Rail Industry and Government Struggle to Balance Safety and Efficiency in Shipments
May 17, 2015, By Jim Spencer
Star Tribune
WASHINGTON — Bob Zelenka, executive director of the Minnesota Grain and Feed Association, sums up the current rail shipping conditions for Minnesota grain farmers in a single sentence:
“What a difference a year makes.”
A transportation crisis driven by more crude oil trains and bitterly cold temperatures in 2013-2014 turned into a reasonably smooth ride in 2014-2015.
Railroad investments in tracks and manpower helped.
But without this year’s coincidental confluence of a longer harvest, milder winter, slightly depressed yields and low crop prices commodity shippers could still be at risk of service issues, especially as new government efforts to avoid fiery derailments of oil trains threaten to once again slow down traffic on the state’s rails.
In the harvest season of 2013-2014, cold weather and burgeoning rail shipments of crude oil from North Dakota’s Bakken fields, as well as jumps in other train traffic, delayed grain deliveries, not to mention shipments of coal to power companies trying to generate electricity.

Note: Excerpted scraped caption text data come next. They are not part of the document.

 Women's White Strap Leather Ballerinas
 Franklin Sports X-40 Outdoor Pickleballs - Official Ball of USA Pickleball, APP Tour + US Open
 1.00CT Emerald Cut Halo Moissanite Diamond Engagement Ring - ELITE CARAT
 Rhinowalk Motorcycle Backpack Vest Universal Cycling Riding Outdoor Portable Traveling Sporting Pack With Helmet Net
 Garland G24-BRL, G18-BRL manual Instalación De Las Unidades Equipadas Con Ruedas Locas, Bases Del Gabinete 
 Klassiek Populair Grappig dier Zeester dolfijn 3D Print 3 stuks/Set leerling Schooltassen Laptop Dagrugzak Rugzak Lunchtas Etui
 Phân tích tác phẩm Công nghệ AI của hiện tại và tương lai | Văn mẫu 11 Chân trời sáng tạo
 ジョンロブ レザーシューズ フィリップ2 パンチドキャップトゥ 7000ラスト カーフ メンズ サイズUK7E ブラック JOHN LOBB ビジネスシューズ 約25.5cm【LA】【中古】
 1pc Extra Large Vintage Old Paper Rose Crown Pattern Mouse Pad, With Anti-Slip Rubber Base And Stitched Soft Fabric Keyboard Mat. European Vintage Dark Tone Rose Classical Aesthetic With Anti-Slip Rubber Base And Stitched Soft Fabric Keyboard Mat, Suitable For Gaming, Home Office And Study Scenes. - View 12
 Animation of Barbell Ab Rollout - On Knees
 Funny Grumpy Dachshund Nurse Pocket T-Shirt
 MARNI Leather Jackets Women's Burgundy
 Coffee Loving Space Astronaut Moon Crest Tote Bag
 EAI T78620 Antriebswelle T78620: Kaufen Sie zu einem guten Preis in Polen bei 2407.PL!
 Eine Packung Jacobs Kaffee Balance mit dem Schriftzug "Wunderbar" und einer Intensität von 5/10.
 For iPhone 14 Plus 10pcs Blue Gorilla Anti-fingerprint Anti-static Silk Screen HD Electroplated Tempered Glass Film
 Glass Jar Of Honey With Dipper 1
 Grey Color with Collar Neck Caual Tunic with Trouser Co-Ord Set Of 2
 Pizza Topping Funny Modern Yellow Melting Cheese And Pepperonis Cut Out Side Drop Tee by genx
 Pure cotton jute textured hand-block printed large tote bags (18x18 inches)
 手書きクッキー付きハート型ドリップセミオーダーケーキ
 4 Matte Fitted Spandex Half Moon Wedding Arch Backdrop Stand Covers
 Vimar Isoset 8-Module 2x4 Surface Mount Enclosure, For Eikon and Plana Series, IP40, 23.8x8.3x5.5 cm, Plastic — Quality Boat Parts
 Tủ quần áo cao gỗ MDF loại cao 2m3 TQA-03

Now, a new study conducted by the University of Minnesota for the Soy Transportation Coalition shows grain shippers with declining past due orders and shorter delays for trains that are behind schedule.
That, said soy coalition director Mike Steenhoek, is partly a function of the rail industry’s investments in tracks and manpower.
“We did see the railroads respond,” he noted.
But in 2014-2015, the harvest season stretched out into a milder winter. Meanwhile, many corn farmers faced with shrinking demand and lower prices chose not to ship their products.
Any change could portend more shipping problems as new oil train speed restrictions take affect in urban areas.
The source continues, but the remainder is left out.